If you specify TYPE=LOGICAL, the step-down adjustments are computed by using maximal logically consistent sequential subsets of equality hypotheses (Shaffer, 1986; Westfall, 1997). Alternatively, for TYPE=FREE, sequential subsets are computed ignoring logical constraints. The TYPE=FREE results are more conservative than those for TYPE=LOGICAL, but they can be much more efficient to produce for many estimates. For example, it is not feasible to take logical constraints between all pairwise comparisons of more than about 10 groups. For this reason, TYPE=FREE is the default.
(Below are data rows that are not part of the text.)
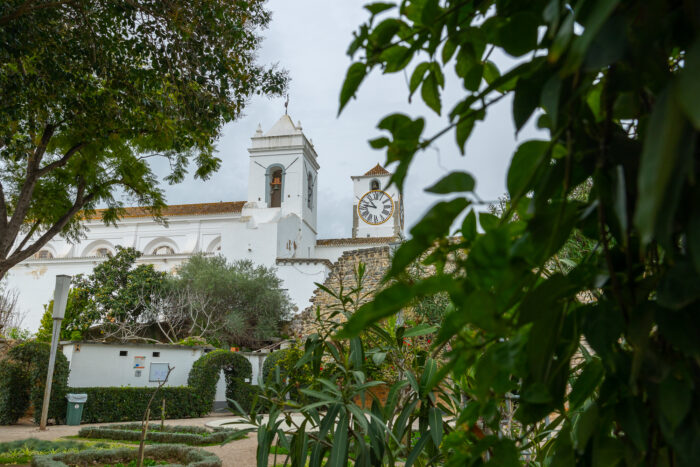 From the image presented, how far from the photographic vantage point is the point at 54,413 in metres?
10.9

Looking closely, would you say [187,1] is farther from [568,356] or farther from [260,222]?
[260,222]

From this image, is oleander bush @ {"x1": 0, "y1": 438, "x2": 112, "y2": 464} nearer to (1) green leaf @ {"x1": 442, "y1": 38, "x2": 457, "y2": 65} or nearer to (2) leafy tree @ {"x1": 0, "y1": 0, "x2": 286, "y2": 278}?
(2) leafy tree @ {"x1": 0, "y1": 0, "x2": 286, "y2": 278}

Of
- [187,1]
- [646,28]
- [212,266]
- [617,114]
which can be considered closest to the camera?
[646,28]

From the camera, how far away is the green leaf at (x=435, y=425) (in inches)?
53.0

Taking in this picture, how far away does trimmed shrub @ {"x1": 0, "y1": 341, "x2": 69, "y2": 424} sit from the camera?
10766 millimetres

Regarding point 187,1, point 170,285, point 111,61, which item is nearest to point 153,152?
point 111,61

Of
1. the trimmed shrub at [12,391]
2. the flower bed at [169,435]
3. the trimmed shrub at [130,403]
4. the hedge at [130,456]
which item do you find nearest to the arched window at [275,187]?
the trimmed shrub at [130,403]

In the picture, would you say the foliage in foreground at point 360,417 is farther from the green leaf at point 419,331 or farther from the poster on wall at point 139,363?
the poster on wall at point 139,363

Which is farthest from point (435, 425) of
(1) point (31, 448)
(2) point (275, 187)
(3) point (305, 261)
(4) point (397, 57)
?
(2) point (275, 187)

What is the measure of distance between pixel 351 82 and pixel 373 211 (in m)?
35.1

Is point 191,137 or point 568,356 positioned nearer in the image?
point 568,356

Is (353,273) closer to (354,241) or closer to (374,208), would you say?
(354,241)

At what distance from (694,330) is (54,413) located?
1317 cm

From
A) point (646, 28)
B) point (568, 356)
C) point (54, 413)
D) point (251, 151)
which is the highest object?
point (251, 151) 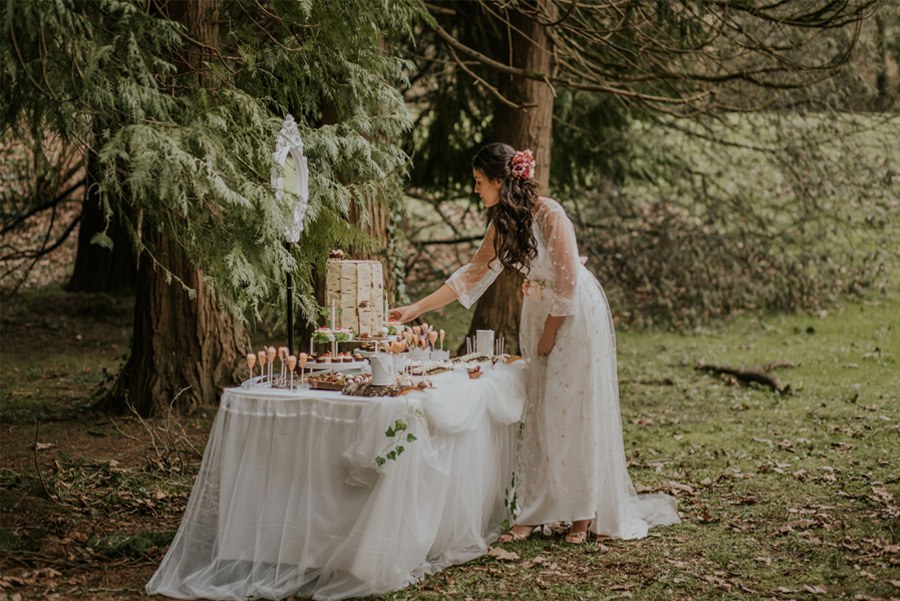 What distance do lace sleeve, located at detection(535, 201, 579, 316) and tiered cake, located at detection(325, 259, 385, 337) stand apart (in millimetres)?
908

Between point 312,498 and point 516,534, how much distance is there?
1436 mm

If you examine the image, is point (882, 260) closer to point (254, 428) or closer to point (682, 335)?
point (682, 335)

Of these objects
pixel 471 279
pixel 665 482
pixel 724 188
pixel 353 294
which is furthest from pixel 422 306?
pixel 724 188

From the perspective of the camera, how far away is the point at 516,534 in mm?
5609

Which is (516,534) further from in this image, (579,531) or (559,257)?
(559,257)

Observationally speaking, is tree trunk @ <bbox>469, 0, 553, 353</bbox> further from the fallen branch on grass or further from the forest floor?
the fallen branch on grass

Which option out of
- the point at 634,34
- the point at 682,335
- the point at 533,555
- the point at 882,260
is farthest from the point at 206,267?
the point at 882,260

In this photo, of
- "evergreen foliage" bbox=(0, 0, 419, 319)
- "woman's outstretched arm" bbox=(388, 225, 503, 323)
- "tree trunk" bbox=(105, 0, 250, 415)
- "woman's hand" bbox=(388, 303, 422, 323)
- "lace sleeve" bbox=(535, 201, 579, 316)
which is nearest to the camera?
"evergreen foliage" bbox=(0, 0, 419, 319)

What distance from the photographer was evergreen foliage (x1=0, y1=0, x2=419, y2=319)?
4852 mm

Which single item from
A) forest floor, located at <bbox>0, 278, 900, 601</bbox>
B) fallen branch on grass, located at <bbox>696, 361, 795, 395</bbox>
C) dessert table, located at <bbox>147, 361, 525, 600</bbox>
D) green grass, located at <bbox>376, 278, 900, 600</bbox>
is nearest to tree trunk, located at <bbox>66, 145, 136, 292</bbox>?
forest floor, located at <bbox>0, 278, 900, 601</bbox>

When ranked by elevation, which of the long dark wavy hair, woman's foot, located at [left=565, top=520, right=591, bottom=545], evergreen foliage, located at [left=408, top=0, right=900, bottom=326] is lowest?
woman's foot, located at [left=565, top=520, right=591, bottom=545]

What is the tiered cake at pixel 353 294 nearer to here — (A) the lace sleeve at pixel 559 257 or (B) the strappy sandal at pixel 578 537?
(A) the lace sleeve at pixel 559 257

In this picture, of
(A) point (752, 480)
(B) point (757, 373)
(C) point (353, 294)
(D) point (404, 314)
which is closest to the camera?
(C) point (353, 294)

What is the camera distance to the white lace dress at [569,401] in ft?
18.0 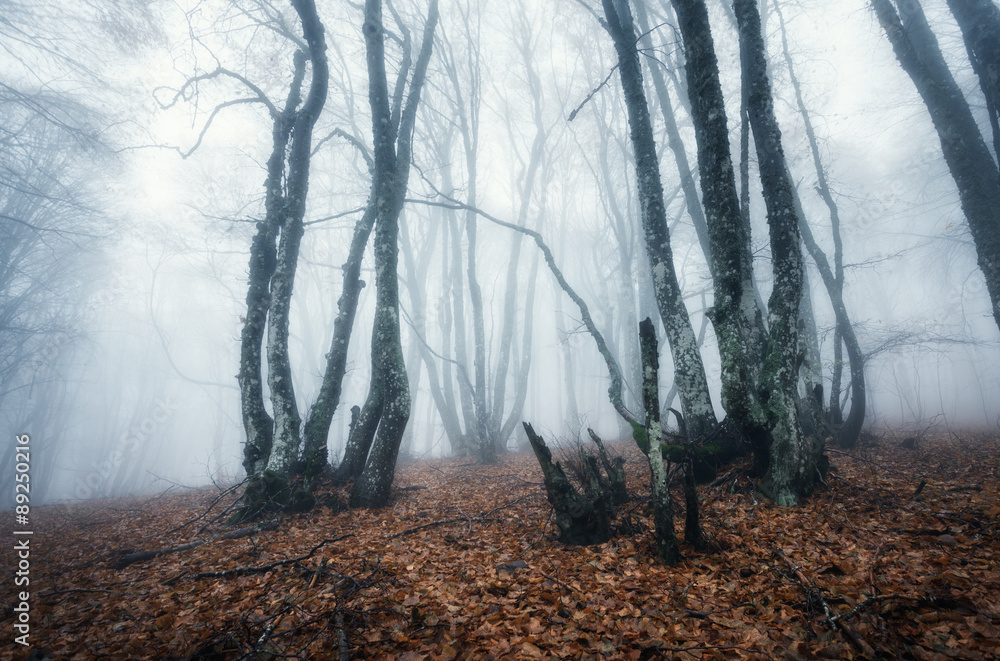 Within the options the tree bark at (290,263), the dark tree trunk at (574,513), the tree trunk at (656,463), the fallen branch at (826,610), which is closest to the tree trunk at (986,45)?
the tree trunk at (656,463)

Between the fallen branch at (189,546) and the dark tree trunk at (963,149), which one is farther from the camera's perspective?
→ the dark tree trunk at (963,149)

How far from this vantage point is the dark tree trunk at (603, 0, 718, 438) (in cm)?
571

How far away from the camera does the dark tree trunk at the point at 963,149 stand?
5758 millimetres

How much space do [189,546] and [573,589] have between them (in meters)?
4.84

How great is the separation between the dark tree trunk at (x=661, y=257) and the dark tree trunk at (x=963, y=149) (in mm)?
4166

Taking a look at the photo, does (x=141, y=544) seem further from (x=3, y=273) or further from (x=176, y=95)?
(x=3, y=273)

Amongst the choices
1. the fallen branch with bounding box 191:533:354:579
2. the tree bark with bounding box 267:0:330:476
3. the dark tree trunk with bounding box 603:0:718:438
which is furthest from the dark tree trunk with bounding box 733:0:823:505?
the tree bark with bounding box 267:0:330:476

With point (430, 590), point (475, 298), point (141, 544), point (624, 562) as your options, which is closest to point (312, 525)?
point (141, 544)

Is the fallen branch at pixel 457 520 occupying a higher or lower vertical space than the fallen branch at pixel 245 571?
lower

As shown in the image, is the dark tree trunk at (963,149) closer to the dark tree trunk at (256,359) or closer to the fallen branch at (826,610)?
the fallen branch at (826,610)

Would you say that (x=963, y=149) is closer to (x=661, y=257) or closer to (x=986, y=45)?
(x=986, y=45)

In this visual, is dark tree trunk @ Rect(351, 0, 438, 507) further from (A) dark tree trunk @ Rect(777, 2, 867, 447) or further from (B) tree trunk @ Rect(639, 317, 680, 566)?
(A) dark tree trunk @ Rect(777, 2, 867, 447)

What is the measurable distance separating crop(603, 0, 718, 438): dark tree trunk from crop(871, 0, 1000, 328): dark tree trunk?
4166 mm

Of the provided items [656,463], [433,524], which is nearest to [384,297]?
[433,524] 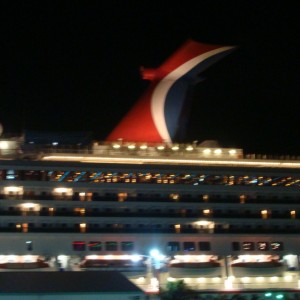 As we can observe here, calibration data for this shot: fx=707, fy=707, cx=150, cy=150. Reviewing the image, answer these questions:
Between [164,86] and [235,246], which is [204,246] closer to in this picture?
[235,246]

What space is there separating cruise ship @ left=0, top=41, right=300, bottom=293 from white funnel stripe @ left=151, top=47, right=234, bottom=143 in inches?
110

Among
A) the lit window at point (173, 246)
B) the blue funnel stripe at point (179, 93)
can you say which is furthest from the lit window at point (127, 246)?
the blue funnel stripe at point (179, 93)

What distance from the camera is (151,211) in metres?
38.0

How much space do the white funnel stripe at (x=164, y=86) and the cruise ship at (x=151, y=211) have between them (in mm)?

However, you can reduce the computational complexity of taking logical constraints into account by limiting the depth of the search tree used to compute them, specifying the optional depth parameter as a number n in parentheses after TYPE=LOGICAL. As with TYPE=FREE, results for TYPE=LOGICAL(n) are conservative relative to the true TYPE=LOGICAL results, but even for TYPE=LOGICAL(0) they can be appreciably less conservative than TYPE=FREE and they are computationally feasible for much larger numbers of estimates. If you do not specify n or if n = –1, the full search tree is used.

SUBJECT coeffs

sets up random-effect contrasts between different subjects when a SUBJECT= variable appears in the RANDOM statement. By default, ESTIMATE statement coefficients on random effects are distributed equally across subjects. Listing subject coefficients for an ESTIMATE statement with multiple rows follows the same rules as for GROUP coefficients.

UPPER
UPPERTAILED

requests that the p-value for the t test be based only on values greater than the test statistic. A two-tailed test is the default. An upper-tailed confidence limit is also produced if you specify the CL or ALPHA= option.

Note that for ADJUST= SCHEFFE the one-sided adjusted confidence intervals and one-sided adjusted p-values are the same as the corresponding two-sided statistics, because this adjustment is based on only the right tail of the F distribution.